Ernest Shackleton and the Endurance Expedition
Story 2 in the nonfiction serial, Into Danger with the Adventurers - Twelve Epic Lives of the Twentieth Century
Part 1
Ernest Shackleton felt the deck of the Endurance breaking and heard the loud cracks of snapping beams. The floes, large sheets of floating ice, were crushing the ship on all sides. Then the pressure eased for a while, but this only allowed the ship to sink a little lower as water poured into the bilges. The steam-driven pumps could no longer cope. In any case, if the cold water reached the boilers they could explode and so he ordered the men to extinguish the fires. Ernest knew the moment he had been dreading had come. At 5 p.m. on 27 October 1915 he ordered his men to abandon ship.

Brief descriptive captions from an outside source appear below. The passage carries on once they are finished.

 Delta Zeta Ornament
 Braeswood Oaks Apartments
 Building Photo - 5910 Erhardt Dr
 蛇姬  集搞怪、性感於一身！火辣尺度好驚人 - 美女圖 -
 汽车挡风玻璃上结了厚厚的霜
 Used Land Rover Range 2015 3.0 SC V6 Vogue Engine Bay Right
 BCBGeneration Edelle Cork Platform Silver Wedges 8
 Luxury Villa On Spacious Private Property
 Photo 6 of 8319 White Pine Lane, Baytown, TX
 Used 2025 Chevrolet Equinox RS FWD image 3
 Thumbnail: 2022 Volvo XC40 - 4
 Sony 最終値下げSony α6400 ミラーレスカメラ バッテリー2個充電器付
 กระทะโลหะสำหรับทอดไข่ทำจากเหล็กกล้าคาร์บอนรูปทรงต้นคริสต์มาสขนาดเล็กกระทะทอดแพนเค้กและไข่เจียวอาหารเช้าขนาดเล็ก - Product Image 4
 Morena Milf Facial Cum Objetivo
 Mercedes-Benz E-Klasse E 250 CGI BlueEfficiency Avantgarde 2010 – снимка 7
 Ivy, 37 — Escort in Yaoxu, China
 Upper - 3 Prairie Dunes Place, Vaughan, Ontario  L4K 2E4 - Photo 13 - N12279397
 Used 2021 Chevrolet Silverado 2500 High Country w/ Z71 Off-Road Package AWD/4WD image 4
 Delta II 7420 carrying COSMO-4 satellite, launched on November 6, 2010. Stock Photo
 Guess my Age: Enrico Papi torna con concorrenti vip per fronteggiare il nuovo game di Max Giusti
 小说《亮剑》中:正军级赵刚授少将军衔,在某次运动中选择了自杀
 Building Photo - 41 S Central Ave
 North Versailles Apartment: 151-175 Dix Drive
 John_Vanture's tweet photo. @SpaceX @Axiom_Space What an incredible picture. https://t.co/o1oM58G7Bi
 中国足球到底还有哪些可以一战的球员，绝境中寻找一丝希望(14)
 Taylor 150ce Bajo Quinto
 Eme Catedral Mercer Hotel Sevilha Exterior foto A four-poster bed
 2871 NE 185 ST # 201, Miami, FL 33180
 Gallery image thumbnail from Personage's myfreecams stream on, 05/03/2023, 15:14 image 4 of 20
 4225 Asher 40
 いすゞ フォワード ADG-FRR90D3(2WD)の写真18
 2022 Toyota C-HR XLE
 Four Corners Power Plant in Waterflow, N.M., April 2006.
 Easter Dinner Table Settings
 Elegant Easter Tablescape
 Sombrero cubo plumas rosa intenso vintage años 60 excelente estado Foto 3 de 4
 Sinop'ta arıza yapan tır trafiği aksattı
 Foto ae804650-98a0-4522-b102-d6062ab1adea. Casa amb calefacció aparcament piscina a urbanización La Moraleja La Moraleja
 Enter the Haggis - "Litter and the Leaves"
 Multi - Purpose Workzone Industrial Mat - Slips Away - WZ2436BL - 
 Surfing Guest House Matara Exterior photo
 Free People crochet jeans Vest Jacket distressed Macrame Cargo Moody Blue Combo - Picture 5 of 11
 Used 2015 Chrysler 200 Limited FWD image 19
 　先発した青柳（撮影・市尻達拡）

The men made their way onto the ice together with the dogs. Ernest took one last look through the skylight down into the engine room. The engines had broken free from the metal plates which had held them in place. They were now leaning to one side and would soon fall through the breaking hull and sink into the depths of the sea. As the deck continued to shudder, Ernest climbed over the side and joined his men.
The previous day they had carried the essential supplies and equipment onto a nearby floe. These included sledges, tents and three boats. As soon as they left the ship they pitched the tents, but as evening came the floe began to break up. Ernest ordered them to take the tents down and move everything onto a bigger floe. Once they had pitched the tents again they had a hot meal prepared by the cook using a makeshift stove. Then, except for the man on watch, they crawled into their tents to try and get some sleep.
But Ernest was too worried to sleep. He stayed outside with the watchman and paced up and down on the floe. The floe was part of a jigsaw of jumbled, heaving ice which stretched to the horizon. By now it was midnight and the temperature well below freezing. As the groaning and creaking of the remains of his ship pierced the night he thought about how they might escape.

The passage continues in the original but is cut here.